## PROVIDED DATA

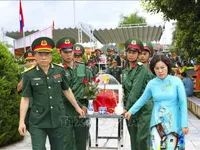 Remains of martyrs repatriated from Laos reburied in Dien Bien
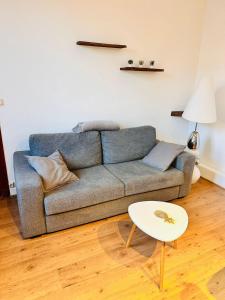 una sala de estar con un sofá y una mesa en Appart T2 Quartier Beaujardin, en Tours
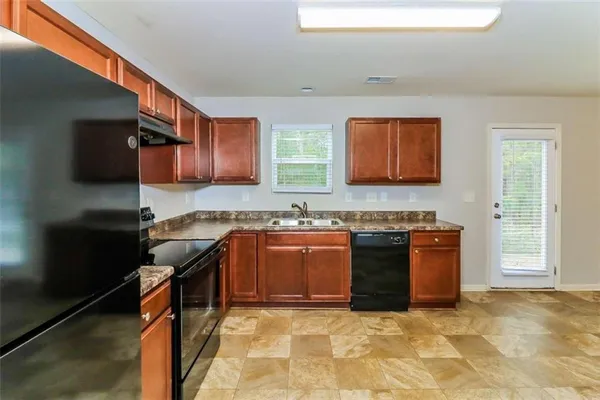 a kitchen with stainless steel appliances granite countertop a stove sink and cabinets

## EXERCISE OBJECTIVE
Leaving out the pictures, reproduce the whole listing above exactly.

## TASK RESPONSE
 Remains of martyrs repatriated from Laos reburied in Dien Bien
 una sala de estar con un sofá y una mesa en Appart T2 Quartier Beaujardin, en Tours
 a kitchen with stainless steel appliances granite countertop a stove sink and cabinets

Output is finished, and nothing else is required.